Within a year she was back at Carnegie Hall, debuting her first protest song, “Mississippi Goddam,” for a mostly white audience.

“I composed it out of pure anger,” she wrote.

READ: A Broadway musical examines Shlomo Carlebach and Nina Simone’s unique friendship

Today, those who have experienced discrimination can find comfort in Simone’s courage. At a time of very public discourse on race relations, combined with nostalgia for her unmistakeable contralto, Simone holds powerful appeal. In mid-July, Lieberman hosted a screening of his film in Harlem, followed by the “Largest Ever Nina Simone Dance Party.” Nearly 1,000 people showed up.

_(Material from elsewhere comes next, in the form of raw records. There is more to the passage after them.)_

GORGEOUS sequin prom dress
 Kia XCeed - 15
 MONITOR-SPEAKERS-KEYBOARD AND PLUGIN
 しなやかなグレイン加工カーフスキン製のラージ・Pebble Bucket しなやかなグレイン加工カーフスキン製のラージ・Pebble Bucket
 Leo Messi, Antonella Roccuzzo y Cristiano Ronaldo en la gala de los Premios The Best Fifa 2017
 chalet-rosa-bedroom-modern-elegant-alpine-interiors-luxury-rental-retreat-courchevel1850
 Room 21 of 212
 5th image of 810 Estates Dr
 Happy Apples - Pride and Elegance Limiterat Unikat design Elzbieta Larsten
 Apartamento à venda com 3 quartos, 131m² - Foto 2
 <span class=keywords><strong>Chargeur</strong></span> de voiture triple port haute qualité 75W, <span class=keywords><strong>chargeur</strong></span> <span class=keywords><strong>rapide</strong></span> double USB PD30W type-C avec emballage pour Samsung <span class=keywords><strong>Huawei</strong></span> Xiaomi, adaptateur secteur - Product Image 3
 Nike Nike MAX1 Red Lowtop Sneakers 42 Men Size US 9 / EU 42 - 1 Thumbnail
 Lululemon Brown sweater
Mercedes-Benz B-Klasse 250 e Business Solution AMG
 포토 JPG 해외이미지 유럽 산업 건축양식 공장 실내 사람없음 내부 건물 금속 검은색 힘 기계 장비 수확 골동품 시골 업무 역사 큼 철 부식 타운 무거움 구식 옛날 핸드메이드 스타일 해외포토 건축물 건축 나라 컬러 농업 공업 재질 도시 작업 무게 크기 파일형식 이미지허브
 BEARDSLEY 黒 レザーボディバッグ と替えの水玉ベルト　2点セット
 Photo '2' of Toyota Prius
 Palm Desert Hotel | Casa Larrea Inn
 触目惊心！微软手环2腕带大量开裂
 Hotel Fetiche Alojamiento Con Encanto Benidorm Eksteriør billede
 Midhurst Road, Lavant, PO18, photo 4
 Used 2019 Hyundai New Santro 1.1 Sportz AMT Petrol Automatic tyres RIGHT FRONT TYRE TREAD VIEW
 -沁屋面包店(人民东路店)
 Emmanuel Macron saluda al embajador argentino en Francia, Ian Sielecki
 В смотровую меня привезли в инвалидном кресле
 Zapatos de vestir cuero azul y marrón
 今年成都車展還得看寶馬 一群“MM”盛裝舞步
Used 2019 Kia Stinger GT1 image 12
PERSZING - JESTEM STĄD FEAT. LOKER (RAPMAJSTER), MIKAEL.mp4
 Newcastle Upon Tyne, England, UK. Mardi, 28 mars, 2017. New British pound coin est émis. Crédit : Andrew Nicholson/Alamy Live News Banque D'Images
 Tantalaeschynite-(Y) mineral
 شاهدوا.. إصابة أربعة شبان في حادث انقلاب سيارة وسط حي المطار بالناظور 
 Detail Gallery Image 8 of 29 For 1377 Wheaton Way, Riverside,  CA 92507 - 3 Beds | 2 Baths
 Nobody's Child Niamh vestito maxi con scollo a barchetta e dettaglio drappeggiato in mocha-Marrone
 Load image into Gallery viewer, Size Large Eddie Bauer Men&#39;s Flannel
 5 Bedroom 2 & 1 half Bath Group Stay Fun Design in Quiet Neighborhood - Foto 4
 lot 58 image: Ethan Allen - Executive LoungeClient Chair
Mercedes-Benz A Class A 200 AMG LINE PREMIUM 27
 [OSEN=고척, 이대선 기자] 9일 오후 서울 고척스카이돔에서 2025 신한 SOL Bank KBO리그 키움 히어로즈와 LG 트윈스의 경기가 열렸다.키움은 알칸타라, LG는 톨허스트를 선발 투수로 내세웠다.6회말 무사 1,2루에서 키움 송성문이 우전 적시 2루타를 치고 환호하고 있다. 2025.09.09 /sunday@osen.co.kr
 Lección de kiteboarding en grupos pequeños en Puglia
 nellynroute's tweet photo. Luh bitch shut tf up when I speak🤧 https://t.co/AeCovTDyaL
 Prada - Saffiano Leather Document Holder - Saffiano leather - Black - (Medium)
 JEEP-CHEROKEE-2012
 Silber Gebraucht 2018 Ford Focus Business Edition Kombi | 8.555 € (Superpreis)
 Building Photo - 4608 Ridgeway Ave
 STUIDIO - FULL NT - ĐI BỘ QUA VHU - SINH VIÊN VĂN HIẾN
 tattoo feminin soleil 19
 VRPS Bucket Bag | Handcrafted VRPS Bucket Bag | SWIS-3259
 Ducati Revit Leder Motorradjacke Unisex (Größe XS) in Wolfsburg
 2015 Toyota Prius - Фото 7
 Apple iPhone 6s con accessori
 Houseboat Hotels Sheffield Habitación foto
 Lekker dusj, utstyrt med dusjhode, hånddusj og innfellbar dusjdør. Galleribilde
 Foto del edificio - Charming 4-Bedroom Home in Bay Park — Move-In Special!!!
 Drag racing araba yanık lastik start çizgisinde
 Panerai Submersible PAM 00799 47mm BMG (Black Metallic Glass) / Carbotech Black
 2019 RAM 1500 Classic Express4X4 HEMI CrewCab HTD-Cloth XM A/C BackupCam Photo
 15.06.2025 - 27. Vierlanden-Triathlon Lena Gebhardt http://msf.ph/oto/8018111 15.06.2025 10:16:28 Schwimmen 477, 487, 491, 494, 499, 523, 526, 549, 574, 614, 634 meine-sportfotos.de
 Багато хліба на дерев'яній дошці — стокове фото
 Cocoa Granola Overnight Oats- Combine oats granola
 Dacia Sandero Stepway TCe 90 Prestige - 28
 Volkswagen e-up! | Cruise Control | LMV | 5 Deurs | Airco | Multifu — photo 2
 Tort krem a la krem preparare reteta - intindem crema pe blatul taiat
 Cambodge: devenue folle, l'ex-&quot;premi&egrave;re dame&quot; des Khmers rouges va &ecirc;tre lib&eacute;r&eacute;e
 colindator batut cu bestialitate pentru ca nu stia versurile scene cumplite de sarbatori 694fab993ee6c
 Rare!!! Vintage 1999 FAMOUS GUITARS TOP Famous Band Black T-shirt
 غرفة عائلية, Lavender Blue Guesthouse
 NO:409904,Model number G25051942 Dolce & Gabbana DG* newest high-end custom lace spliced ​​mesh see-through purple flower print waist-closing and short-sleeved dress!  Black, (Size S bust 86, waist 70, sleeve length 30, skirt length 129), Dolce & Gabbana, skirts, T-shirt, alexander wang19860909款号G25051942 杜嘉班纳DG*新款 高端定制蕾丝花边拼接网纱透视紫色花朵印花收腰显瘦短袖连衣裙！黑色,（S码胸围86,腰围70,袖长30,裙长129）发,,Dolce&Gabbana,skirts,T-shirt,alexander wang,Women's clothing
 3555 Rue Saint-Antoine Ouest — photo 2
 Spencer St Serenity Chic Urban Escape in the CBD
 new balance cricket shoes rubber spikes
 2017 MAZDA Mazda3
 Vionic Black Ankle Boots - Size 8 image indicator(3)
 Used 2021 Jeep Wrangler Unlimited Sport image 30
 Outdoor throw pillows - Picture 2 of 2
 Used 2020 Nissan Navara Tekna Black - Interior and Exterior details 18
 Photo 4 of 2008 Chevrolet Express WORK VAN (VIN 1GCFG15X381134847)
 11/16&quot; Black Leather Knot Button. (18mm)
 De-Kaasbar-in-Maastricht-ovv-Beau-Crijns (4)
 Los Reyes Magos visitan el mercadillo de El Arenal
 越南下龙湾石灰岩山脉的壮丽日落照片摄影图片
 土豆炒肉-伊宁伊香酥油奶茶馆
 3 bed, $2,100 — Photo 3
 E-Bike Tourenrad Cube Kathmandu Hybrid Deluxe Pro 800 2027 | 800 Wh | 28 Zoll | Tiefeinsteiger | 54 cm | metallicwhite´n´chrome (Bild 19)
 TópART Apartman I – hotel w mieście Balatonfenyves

“As a Jewish filmmaker, I’m interested in exploring issues of identity and origin and ancestry, and finding a place as a minority in a larger society,” he said. “[Being Jewish in America] is very different from the African-American experience, but it has some parallels.”

Far beyond what he could include in the film, Lieberman discovered ways in which Simone’s life was impacted by Jews. Several of her early mentors and fellow musicians were Jewish men, and during her later nomadic years — Simone lived in Liberia and France — she spent several weeks in Israel.

“She found peace with some musicians there, and at the beach,” he said.

While Garbus says that “a feeling of humanism runs through all my work” and her own “tradition of Judaism and humanism are intertwined,” she was, like Lieberman, primarily driven to reveal an artist who has been misunderstood — and whose work remains powerfully relevant.

As Simone herself declares to the camera, in both films: “An artist’s duty is to reflect the times. … How can you be an artist and not reflect the times? That, to me, is the definition of an artist.”